Warren is hardly the only candidate to have an immigration plan that exists to repudiate Trump’s policy. Many of the details of her platform on the issue were cribbed from the campaign of former San Antonio mayor Julián Castro, including a proposal to repeal laws that make it a criminal offense for crossing the border without authorization. But Warren’s focus on potential criminal liability for agents who violate the rights of immigrants in their care is a unique proposal with interesting implications. By indicating to agents that, should she become president, Warren would direct the Justice Department to prosecute them criminally for things they’re doing under the Trump administration, it has the possibility to shape the way their actions now, instead of simply signaling legislation she intends to pass.

4. Cornyn and Cuellar Among Top Lawmakers Receiving Private Detention Funds

While it may seem that little about our current immigration policy crosses party lines, here’s one thing that does: donations from a private detention PAC. According to the Washington Post, both GOP senator John Cornyn and Democratic congressman Henry Cueller have received at least $10,000 from the Geo Group, a company that operates 69 facilities across the country. (Twenty-three of the facilities are in Texas as well as the company’s headquarters.) Non-Texans have also received plenty of money from Geo—Trump’s reelection campaign received $20,000—but this rare bipartisanship appears to be a uniquely Texan phenomenon, as Cuellar is the only Democrat identified by the Post as a top recipient of donations.

5. ICE Raids Yet to Materialize in Houston

Trump indicated over the past several weeks that Sunday would be the day that ICE raids started in cities around the country—particularly New York, Los Angeles, Chicago, Houston, and other large cities with major immigrant populations. But in most cities, those raids have yet to occur. The Texas Tribune quoted HPD chief Art Acevedo as saying, “All quiet in Houston,” adding that he expects only routine enforcement during the week.

The announcement of this action was curious. Trump spent weeks touting the raids, reaffirming on Friday the intention to mobilize the agency as he claimed, “It starts on Sunday, and they’re going to take people out, and they’re going to bring them back to their countries, or they’re going to take criminals out—put them in prison or put them in prison in the countries they came from.”

Accordingly, neighborhoods with lots of undocumented immigrants were quiet. According to the Houston Chronicle, “Normally bustling streets and shopping centers saw thin crowds as families stayed away from public places in predominately immigrant neighborhoods.

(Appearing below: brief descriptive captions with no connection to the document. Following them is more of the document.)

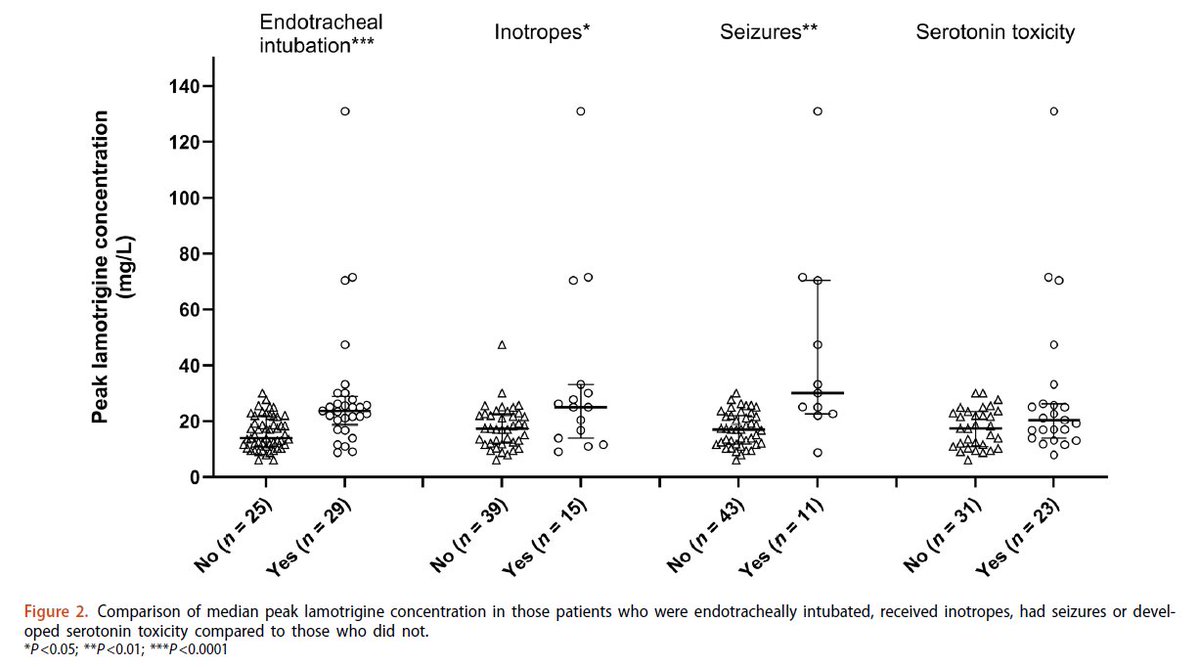 In this study of 54 patients with acute lamotrigine overdose (median dose 4.8 grams), severe toxicity was associated with higher lamotrigine concentrations. Serotonin toxicity was common in those exposed to another serotonergic agent.

tandfonline.com/doi/full/10.10…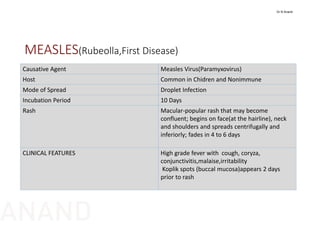 MEASLES(Rubeolla,First Disease)
Causative Agent Measles Virus(Paramyxovirus)
Host Common in Chidren and Nonimmune
Mode of Spread Droplet Infection
Incubation Period  10 Days
Rash Macular‐popular rash that may become
confluent; begins on face(at the hairline), neck 
and shoulders and spreads centrifugally and 
inferiorly; fades in 4 to 6 days
CLINICAL FEATURES High grade fever with  cough, coryza, 
conjunctivitis,malaise,irritability
Koplik spots (buccal mucosa)appears 2 days 
prior to rash
Dr N Anand
ANAND
 
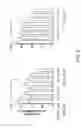 Fig. 06 - MPS peptides and use thereof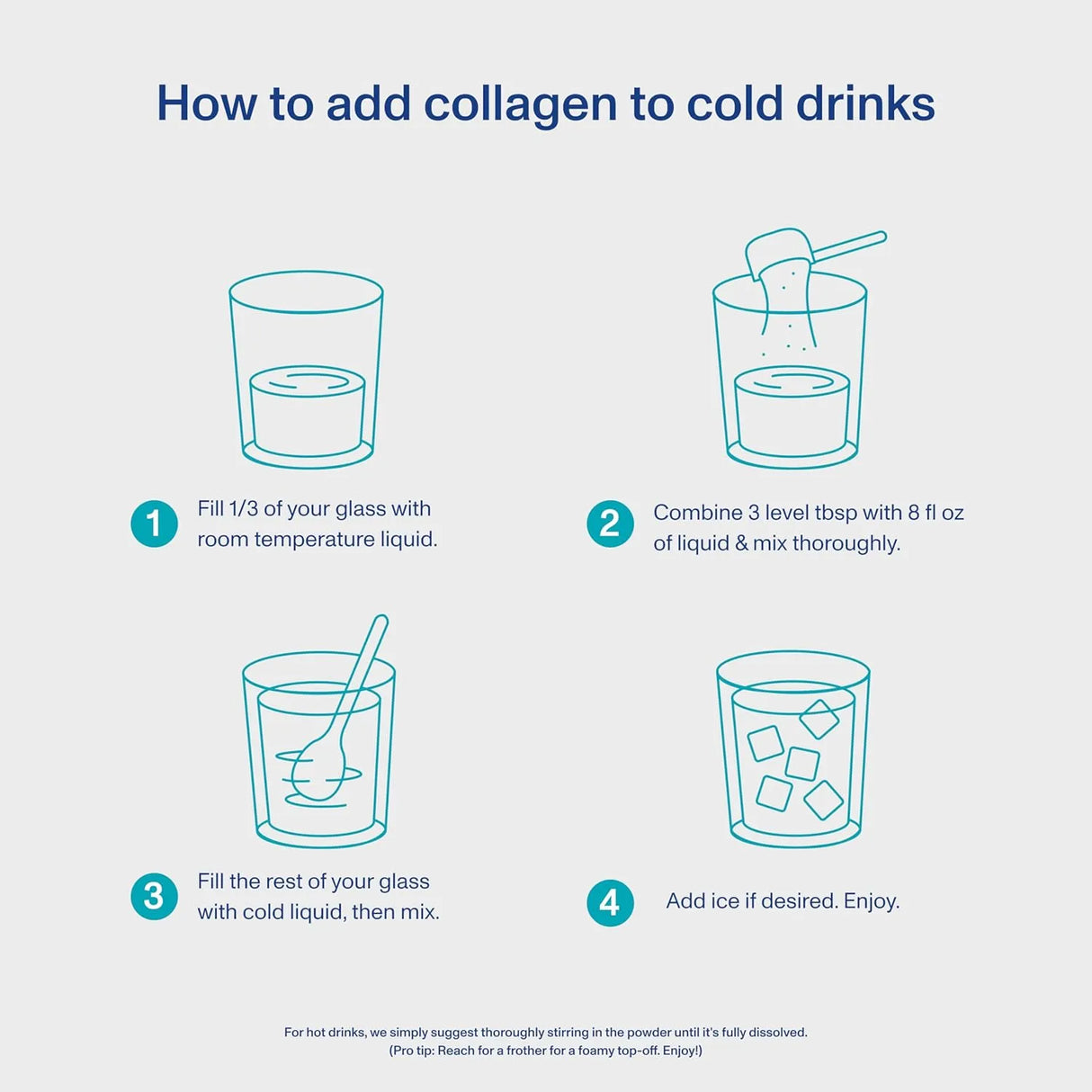 Vital Proteins Marine Collagen Peptides Powder 221g - Kenya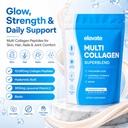 elavate-multi-collagen-peptides-collagen-2.jpg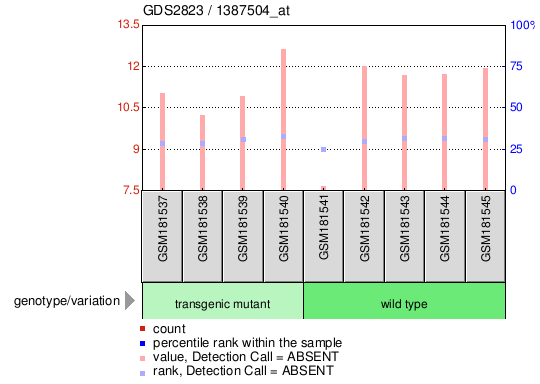 Gene Expression Profile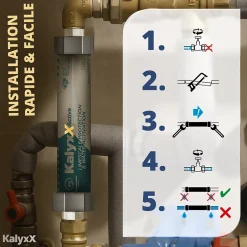 Adoucisseur d'eau Anticalcaire Antibacterien innovant IPS Kalyxx Active G1/2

Church members noted fewer worshipers in the pews.” The people who remained indoors needn’t have worried about this particular day, as the ACLU reported no raids. But spiking the anxieties of an entire community, and leaving them uncertain of what information to trust, may have been part of the point. Ruby Powers, an immigration attorney quoted by the Chronicle, described the event as a “fear campaign.” If that was the goal, reporting from communities with undocumented members indicates that it probably worked.